Mapping Networks of Denial and the Spread of Climate Skepticism in Europe – Evidence Form Germany

Monday, 16 July 2018: 19:42
Oral Presentation
Alexander RUSER, Zeppelin University, Friedrichshafen, Germany
Climate Skepticism and denial have been regarded as a US American phenomenon. Perhaps the one situation symbolizing the utter denial of climate change came in February 2015. Oklahoma Senator and author of the bestseller The Greatest Hoax: How the Global Warming Conspiracy Threatens Your Future Jim Inhofe tossed a snowball to the Senates Floor to ‘prove’ that climate change is a hoax. Senator Inhofe´s dramatic gesture not only got a lot of media attention but also set the stage for the next round in the ever more fierce controversy on climate politics in the US. The towering importance of conservative think tanks in creating the impression of scientific dissent and political dispute over the existence and the implications of anthropogenic climate change is well documented for the US. But also in Europe, self-appointed trailblazer in climate protection, climate skeptics are on the rise – not least due to the growing success of nationalist and climate sceptic parties in recent years like the democratic Unionist Party in the UK. With the latest electoral successes of right-wing party “Alternative for Germany” (AFD) a party made into the federal parliament that promises to abandon the decarbonizing the economy and to “remove the stigma of a pollutant from CO2” (AFD Manifesto 2016).

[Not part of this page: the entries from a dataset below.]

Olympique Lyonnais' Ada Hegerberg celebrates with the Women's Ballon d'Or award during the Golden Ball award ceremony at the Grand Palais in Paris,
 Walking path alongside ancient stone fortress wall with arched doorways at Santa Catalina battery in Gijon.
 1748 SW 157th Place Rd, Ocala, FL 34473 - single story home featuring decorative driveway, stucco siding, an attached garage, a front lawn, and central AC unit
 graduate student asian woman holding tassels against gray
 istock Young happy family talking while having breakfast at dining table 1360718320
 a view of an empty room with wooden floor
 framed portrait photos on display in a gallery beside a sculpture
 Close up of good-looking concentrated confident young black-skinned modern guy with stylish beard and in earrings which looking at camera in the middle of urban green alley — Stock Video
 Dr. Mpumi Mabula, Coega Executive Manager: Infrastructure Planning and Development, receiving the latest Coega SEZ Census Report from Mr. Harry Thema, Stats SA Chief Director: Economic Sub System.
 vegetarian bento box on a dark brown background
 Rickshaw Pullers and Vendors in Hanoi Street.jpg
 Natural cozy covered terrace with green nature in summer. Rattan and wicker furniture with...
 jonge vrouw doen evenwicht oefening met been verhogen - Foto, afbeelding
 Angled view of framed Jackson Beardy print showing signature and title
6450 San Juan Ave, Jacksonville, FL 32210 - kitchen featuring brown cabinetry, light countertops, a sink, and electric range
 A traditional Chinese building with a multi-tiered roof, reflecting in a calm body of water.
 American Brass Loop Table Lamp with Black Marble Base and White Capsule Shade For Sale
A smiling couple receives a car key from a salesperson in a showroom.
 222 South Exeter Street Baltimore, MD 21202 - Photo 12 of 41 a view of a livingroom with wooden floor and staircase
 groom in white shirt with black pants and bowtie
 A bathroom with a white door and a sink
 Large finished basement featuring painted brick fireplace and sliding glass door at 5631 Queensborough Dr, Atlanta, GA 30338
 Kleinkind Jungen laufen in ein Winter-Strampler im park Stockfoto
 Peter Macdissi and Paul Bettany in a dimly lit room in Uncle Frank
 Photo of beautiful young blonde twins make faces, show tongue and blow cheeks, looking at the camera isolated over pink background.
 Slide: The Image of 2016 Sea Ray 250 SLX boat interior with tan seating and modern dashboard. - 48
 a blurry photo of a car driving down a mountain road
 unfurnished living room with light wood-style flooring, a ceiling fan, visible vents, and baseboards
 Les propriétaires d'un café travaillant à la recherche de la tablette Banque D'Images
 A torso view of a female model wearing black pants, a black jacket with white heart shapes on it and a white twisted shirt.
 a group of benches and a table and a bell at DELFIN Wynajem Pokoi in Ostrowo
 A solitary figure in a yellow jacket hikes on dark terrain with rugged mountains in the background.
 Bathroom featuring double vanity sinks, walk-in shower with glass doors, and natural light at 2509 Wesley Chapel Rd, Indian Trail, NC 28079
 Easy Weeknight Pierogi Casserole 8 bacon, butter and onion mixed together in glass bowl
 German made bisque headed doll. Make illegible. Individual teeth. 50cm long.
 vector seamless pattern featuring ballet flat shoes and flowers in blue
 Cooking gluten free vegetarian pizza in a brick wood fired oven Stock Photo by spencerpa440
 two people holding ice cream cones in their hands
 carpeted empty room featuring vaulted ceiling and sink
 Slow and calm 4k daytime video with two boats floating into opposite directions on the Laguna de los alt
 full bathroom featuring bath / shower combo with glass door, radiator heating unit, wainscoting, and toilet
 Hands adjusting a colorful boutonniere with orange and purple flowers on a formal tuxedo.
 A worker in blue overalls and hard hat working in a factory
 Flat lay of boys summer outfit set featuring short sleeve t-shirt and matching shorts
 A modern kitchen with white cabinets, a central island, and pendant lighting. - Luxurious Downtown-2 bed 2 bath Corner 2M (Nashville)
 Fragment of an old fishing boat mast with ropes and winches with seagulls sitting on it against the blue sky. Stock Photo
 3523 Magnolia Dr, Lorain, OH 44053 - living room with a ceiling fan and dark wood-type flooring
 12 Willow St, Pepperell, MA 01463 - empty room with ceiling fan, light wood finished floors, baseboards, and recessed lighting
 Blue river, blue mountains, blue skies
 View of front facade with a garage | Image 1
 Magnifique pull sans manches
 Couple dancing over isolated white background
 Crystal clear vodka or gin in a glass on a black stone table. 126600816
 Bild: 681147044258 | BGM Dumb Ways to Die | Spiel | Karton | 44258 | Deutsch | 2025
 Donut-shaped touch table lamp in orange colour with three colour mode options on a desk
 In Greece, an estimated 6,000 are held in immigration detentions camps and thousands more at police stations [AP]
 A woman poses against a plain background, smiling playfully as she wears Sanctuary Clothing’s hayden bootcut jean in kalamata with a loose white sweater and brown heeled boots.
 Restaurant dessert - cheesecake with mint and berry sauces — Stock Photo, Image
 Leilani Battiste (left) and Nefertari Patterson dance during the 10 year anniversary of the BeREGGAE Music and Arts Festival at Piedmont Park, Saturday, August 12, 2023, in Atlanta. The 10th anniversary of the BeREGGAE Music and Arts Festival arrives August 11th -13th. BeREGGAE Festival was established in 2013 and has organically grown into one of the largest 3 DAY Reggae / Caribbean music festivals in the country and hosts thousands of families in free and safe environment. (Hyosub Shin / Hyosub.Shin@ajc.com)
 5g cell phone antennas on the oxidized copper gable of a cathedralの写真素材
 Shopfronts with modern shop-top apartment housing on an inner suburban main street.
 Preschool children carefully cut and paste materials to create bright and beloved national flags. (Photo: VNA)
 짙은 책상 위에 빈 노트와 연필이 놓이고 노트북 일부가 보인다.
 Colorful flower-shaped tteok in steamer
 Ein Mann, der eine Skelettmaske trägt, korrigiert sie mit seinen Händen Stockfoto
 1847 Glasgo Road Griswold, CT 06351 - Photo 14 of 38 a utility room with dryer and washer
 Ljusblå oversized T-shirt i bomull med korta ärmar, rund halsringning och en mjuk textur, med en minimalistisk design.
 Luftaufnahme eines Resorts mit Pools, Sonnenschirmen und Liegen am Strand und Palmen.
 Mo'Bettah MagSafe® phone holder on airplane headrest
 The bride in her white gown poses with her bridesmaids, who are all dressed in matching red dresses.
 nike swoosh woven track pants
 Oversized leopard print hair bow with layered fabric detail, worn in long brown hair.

The rise of climate sceptic parties and their strategies to challenge scientific authority and the role of the media is beginning to influence climate skeptic action groups. The contribution outlines a conceptual framework for analyzing and provides some empirical evidence for mapping emerging networks of climate skepticism in Germany thus contributing to a better understanding of the prospects of climate skepticism and denial in Europe.